I have a bunch of rows and each field in the row has a header identifying that field. Currently the file is just a csv, and although the first few fields would line up when put into excel, the rest of the row becomes misaligned due to some rows not having some of the fields or the fields being out of order. I am trying to make it so that each field will line up with the correct column header when copied into excel and using the "text to columns" tool.

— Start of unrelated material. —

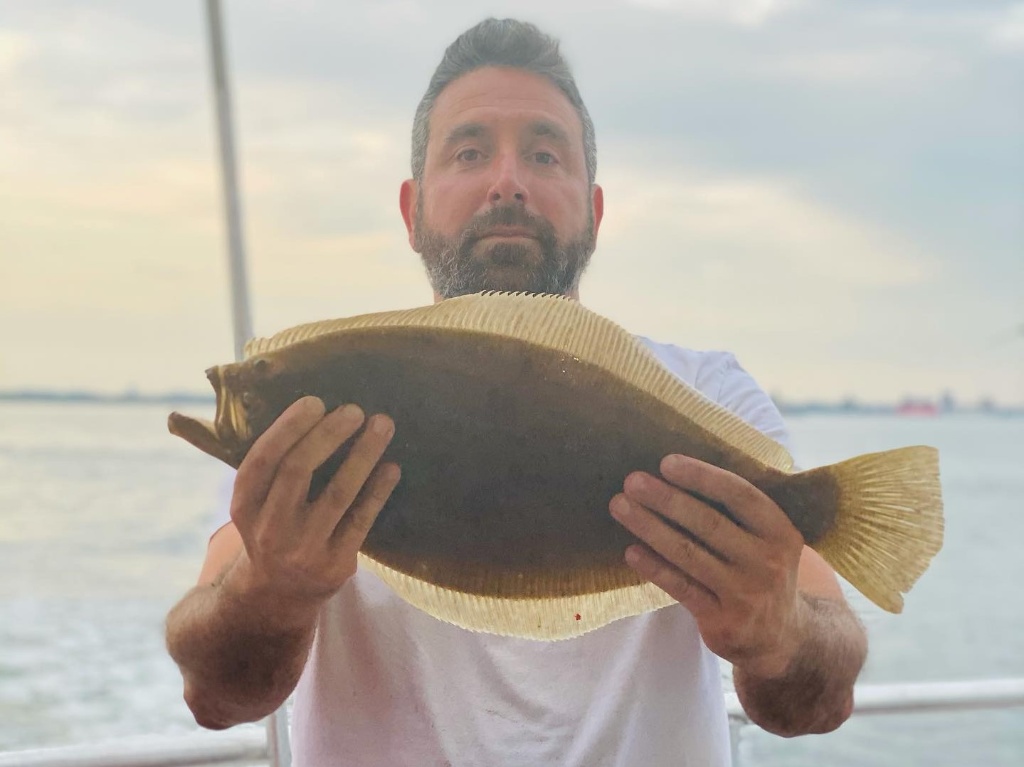 Angler holding a fishing rod in Keyport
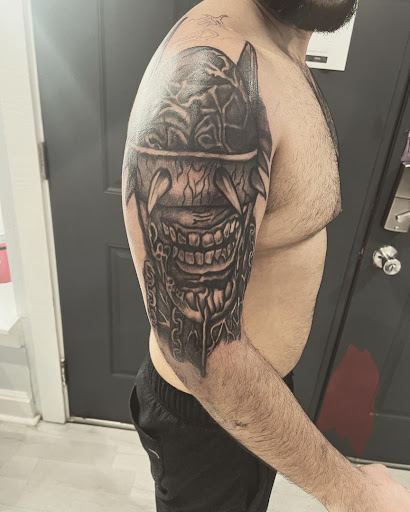 Explore half a sleeve tattoo ideas, creative tattoo ideas in Cocoa, available at Rorschach Tattoo Shop and Piercing Studio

I'm sure this will mean padding places in the rows with the corresponding amount of commas to ensure that enough blank cells would be present to align that data field with the correct column.
Input:
id1,id2,id3,id4,id5,id6,id7,id8
id1 field1,id2 field2,id3 field3,id8 field8,id5 field5,id6 field6,id7 field7,id4 field4
id1 field1,id6 field6,id3 field3,id4 field4,id5 field5,id2 field2,id8 field8
id1 field1,id4 field4,id7 field7,id6 field6,id5 field5,id8 field8
id1 field1,id2 field2,id3 field3,id4 field4,id5 field5,id6 field6,id7 field7,id8 field8
id1 field1,id4 field4,id2 field2,id5 field5,id6 field6,id8 field8
id1 field1,id2 field2,id8 field8,id4 field4,id5 field5,id6 field6,id7 field7,id3 field3
Output:
id1,id2,id3,id4,id5,id6,id7,id8
id1 field1,id2 field2,id3 field3,id4 field4,id5 field5,id6 field6,id7 field7,id8 field8
id1 field1,id2 field2,id3 field3,id4 field4,id5 field5,id6 field6,,id8 field8
id1 field1,,,id4 field4,id5 field5,id6 field6,id7 field7,id8 field8
id1 field1,id2 field2,id3 field3,id4 field4,id5 field5,id6 field6,id7 field7,id8 field8
id1 field1,id2 field2,,id4 field4,id5 field5,id6 field6,,id8 field8
id1 field1,id2 field2,id3 field3,id4 field4,id5 field5,,id7 field7,id8 field8
Basically i'm trying to reorder the rows based on the header row, then pad with extra commas where the field that should exist doesn't exist in that particular row. Each field has a label preceeding the actual data, which corresponds to the header that field should be under.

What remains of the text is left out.